*** Opening Available data ***
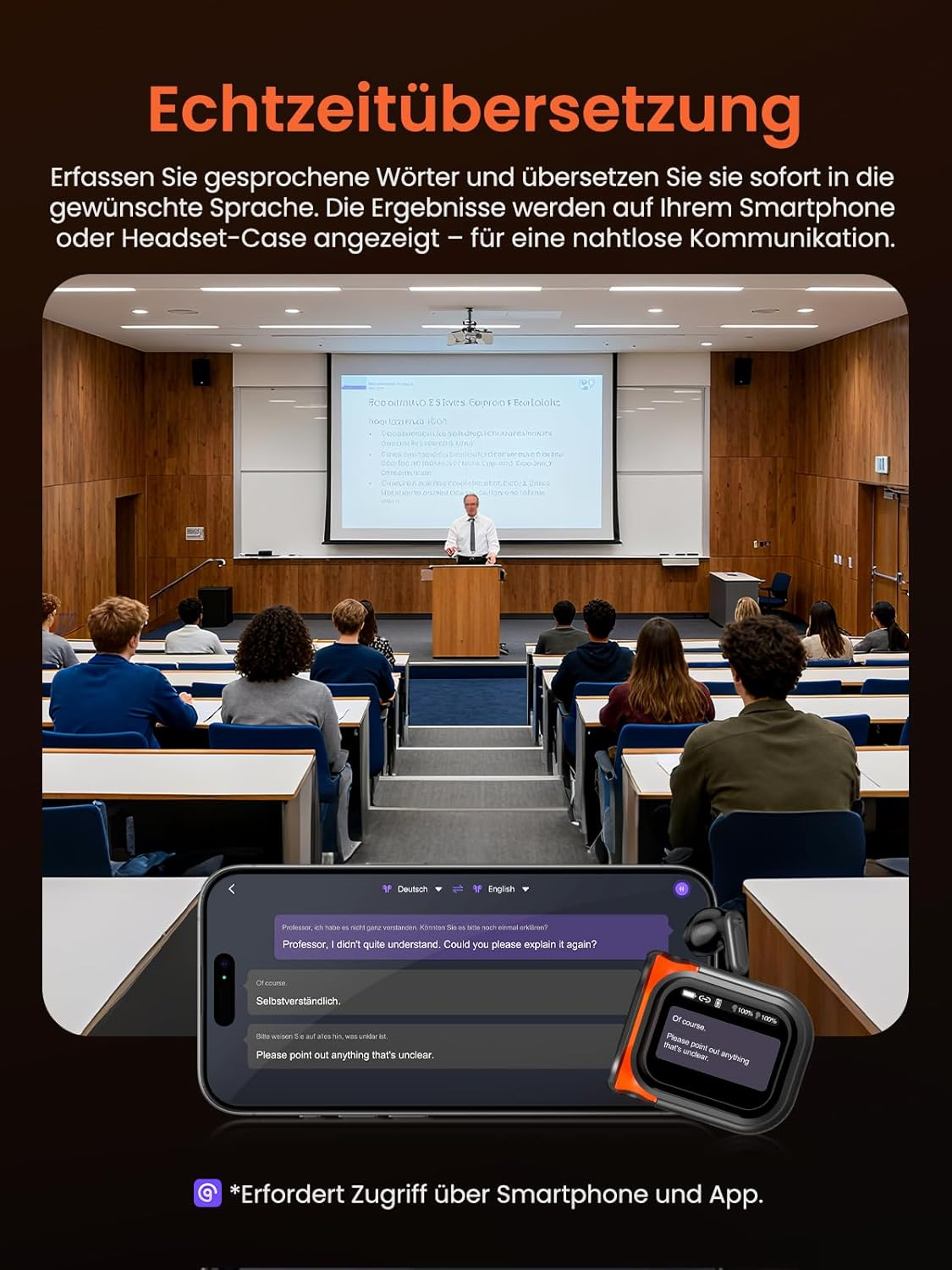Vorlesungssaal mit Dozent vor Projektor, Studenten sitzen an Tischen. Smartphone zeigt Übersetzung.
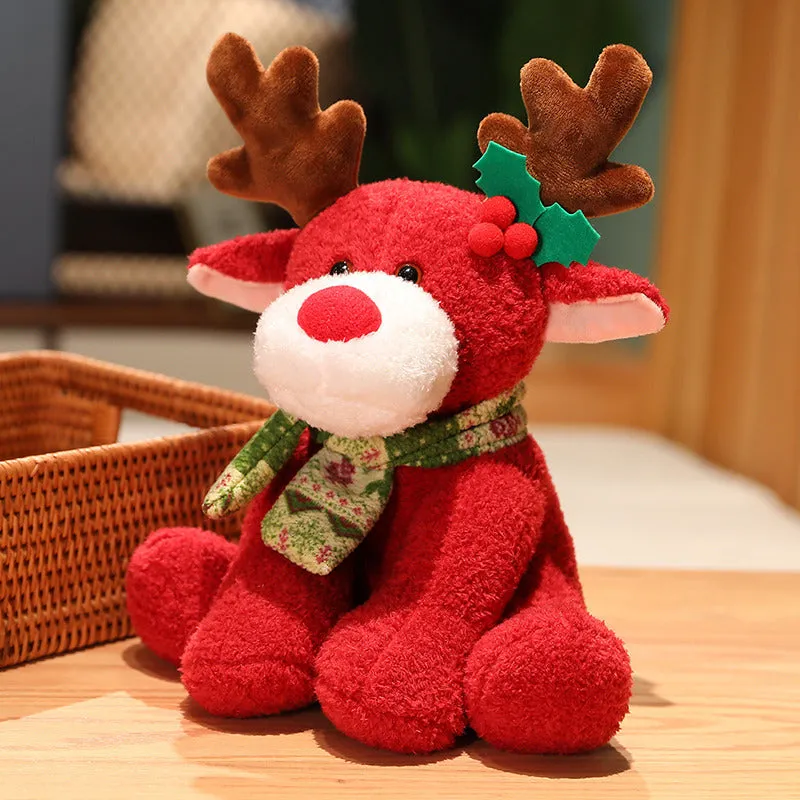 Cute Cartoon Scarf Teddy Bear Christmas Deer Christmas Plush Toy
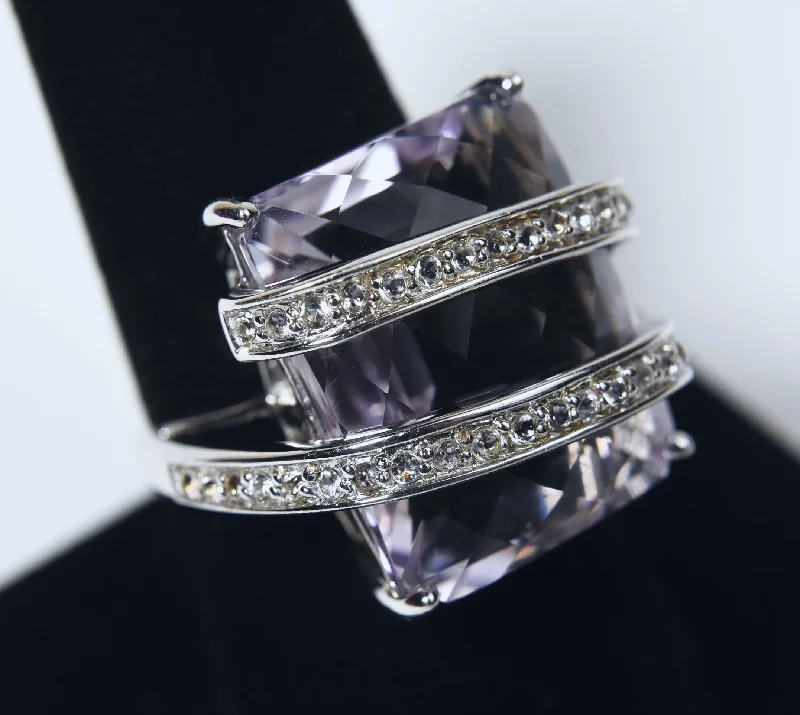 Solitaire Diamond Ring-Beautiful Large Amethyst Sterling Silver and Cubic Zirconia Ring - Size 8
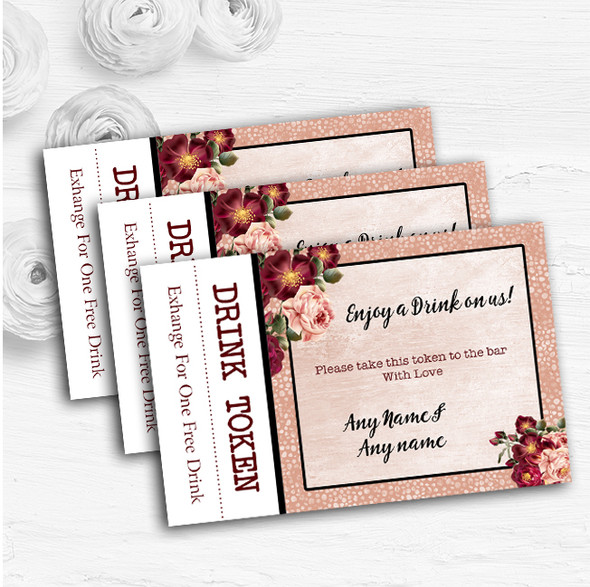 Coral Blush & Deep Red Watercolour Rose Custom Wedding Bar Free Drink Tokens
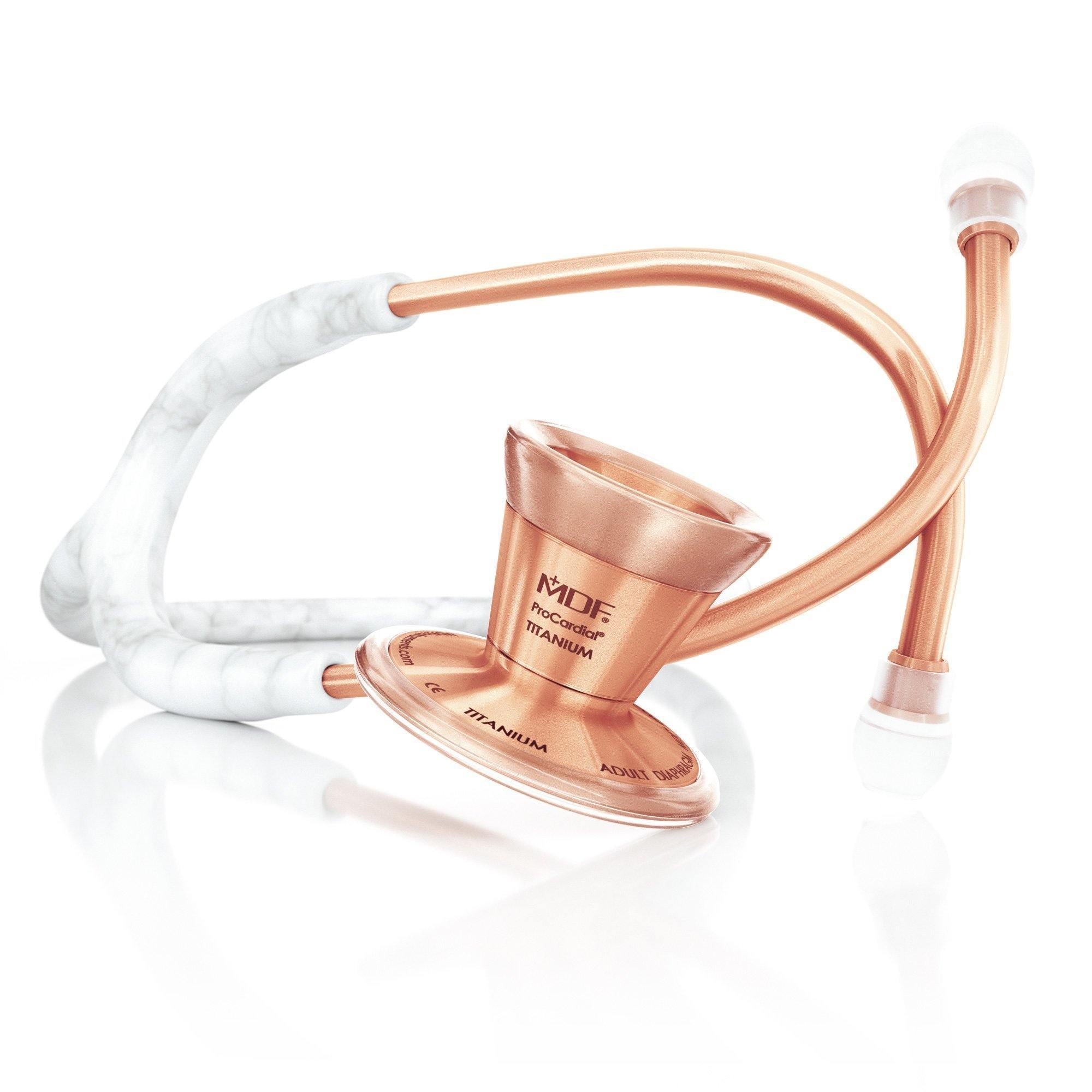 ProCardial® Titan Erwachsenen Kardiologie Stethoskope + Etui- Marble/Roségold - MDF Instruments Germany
*** Closing Available data ***
*** Opening Available data ***
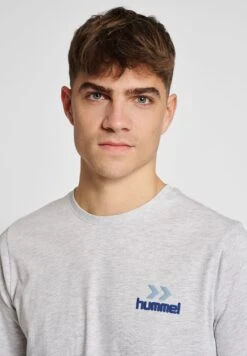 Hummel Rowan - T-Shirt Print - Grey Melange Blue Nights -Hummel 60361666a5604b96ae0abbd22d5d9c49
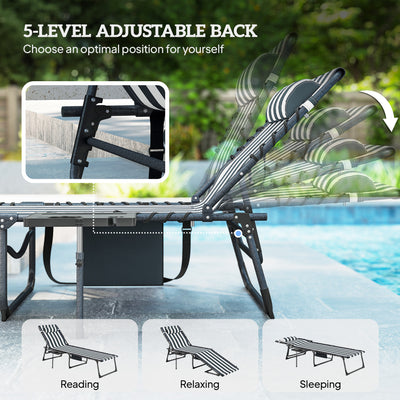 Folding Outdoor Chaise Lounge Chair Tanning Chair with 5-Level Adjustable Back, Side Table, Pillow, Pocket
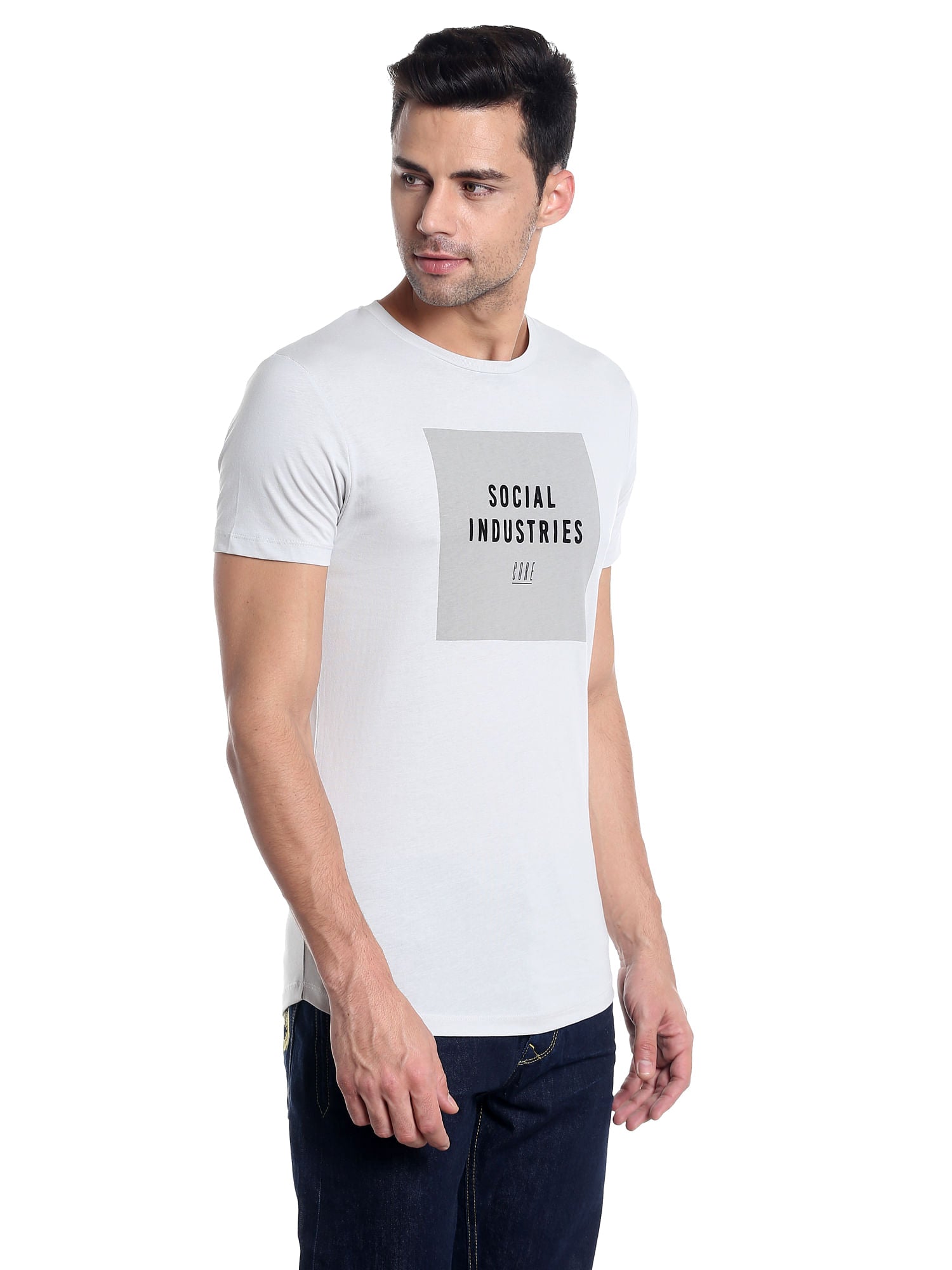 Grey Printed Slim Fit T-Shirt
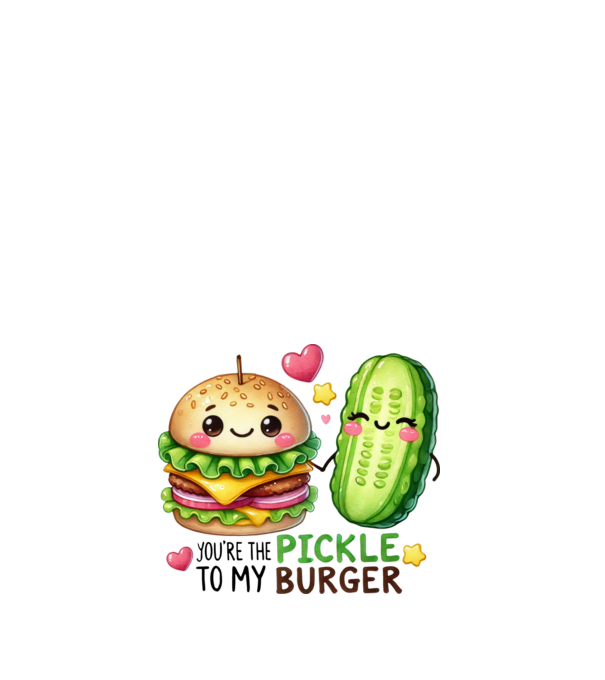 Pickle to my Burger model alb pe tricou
*** Closing Available data ***
Required action: Give exactly the lines above that run from the line with "Solitaire Diamond Ring-Beautiful" to the line with "ProCardial® Titan Erwachsenen", both included, leaving every picture out.

Output of the task:
 Solitaire Diamond Ring-Beautiful Large Amethyst Sterling Silver and Cubic Zirconia Ring - Size 8
 Coral Blush & Deep Red Watercolour Rose Custom Wedding Bar Free Drink Tokens
 ProCardial® Titan Erwachsenen Kardiologie Stethoskope + Etui- Marble/Roségold - MDF Instruments Germany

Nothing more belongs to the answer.